> [Exercise]: Your answer should contain only the lines from the top of the data below down through the one with "We thank our", transcribed exactly and without pictures; please include nothing more.

(Collected data entries)
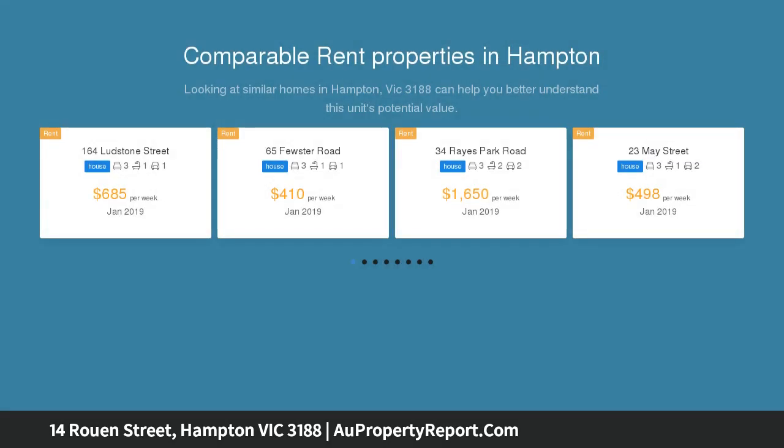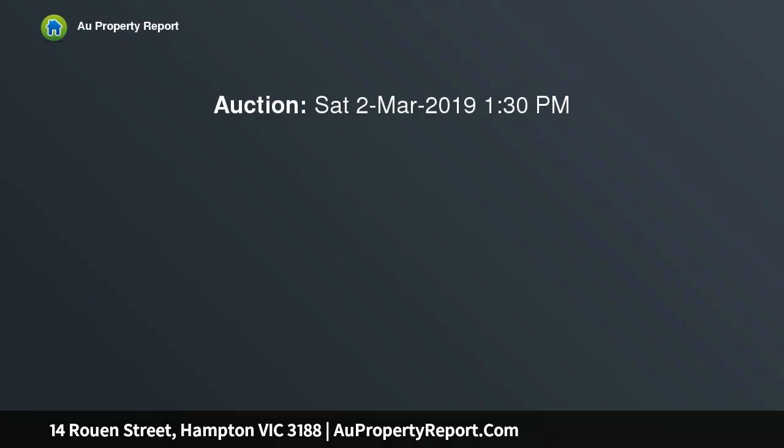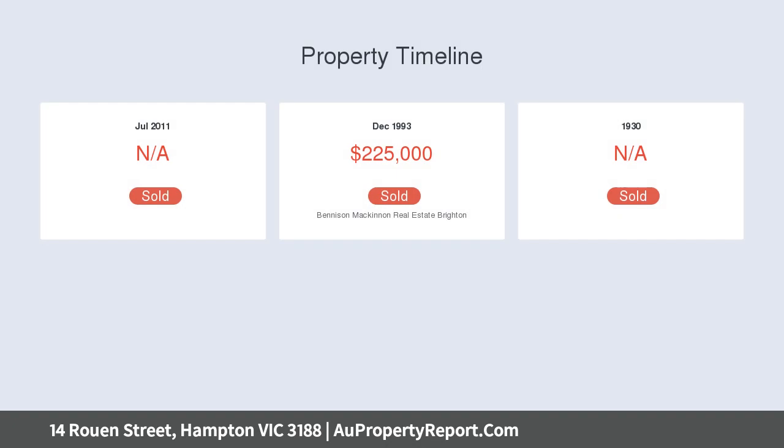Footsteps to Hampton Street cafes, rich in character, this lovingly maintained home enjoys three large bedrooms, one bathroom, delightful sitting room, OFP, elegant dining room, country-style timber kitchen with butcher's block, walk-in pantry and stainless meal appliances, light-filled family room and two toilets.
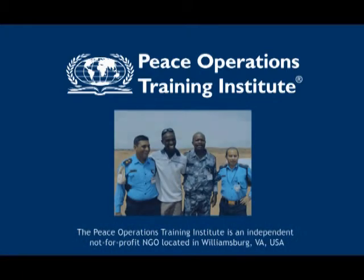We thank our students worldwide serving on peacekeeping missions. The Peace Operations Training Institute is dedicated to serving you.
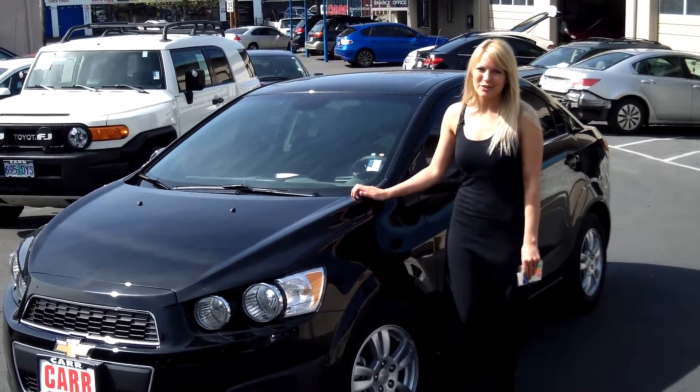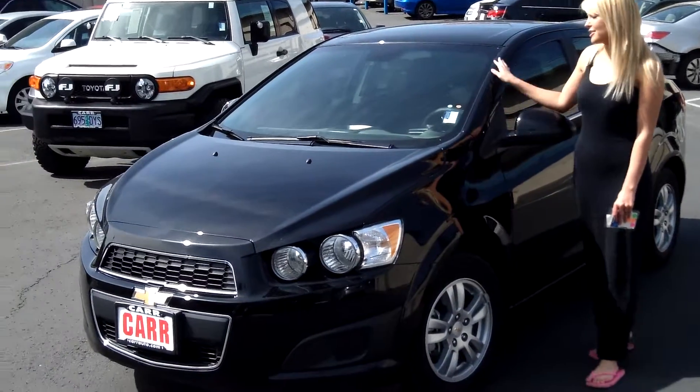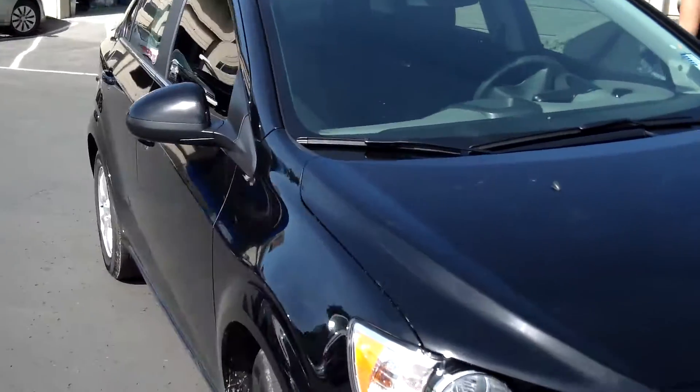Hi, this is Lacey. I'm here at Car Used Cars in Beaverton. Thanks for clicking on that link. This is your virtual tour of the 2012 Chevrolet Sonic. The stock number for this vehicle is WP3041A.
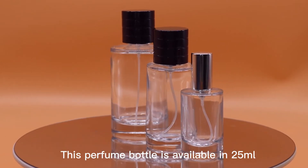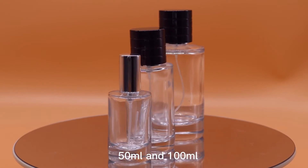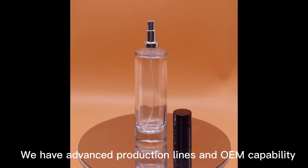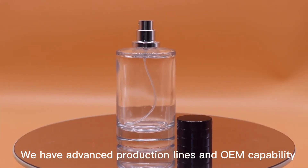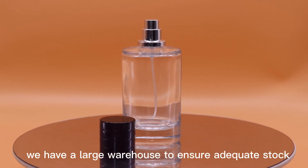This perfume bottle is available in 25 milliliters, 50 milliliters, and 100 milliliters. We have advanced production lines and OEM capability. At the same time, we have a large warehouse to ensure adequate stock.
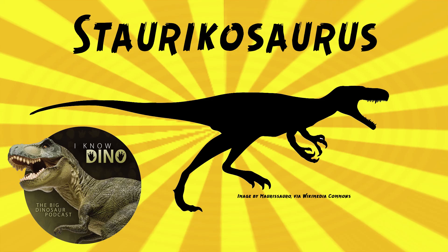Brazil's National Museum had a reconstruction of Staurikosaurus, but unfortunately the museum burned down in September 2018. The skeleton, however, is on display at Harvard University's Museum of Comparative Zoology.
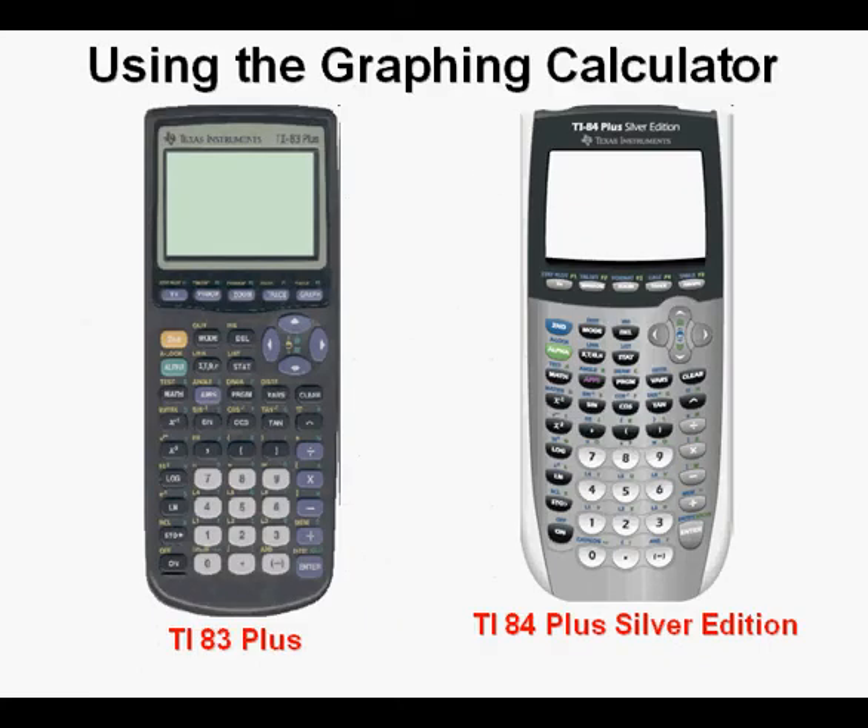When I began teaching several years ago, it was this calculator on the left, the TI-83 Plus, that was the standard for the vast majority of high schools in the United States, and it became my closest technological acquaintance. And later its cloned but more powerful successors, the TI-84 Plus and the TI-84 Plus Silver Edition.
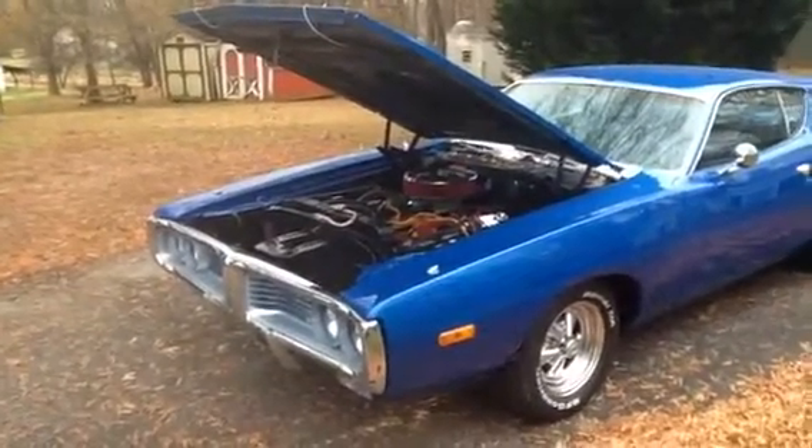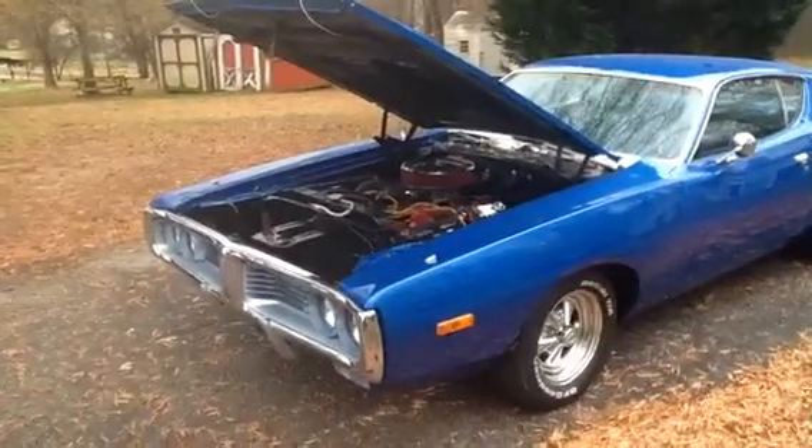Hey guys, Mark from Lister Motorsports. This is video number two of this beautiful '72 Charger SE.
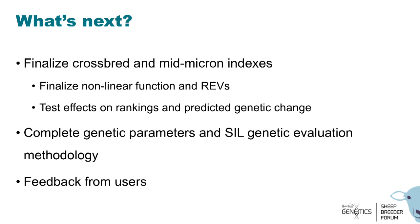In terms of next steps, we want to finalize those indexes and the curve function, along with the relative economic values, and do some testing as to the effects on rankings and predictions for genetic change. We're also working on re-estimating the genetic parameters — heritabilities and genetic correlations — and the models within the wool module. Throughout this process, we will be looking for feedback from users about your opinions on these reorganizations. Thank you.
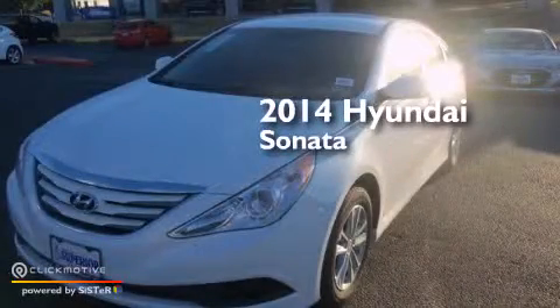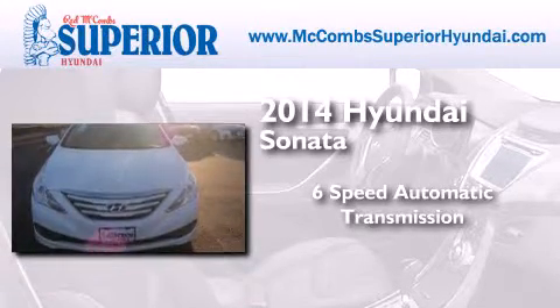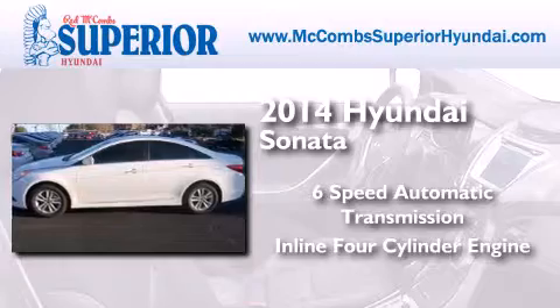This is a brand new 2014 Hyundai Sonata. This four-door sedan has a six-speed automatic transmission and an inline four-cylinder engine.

> [The completed task]:
Footsteps to Hampton Street cafes, rich in character, this lovingly maintained home enjoys three large bedrooms, one bathroom, delightful sitting room, OFP, elegant dining room, country-style timber kitchen with butcher's block, walk-in pantry and stainless meal appliances, light-filled family room and two toilets.
We thank our students worldwide serving on peacekeeping missions. The Peace Operations Training Institute is dedicated to serving you.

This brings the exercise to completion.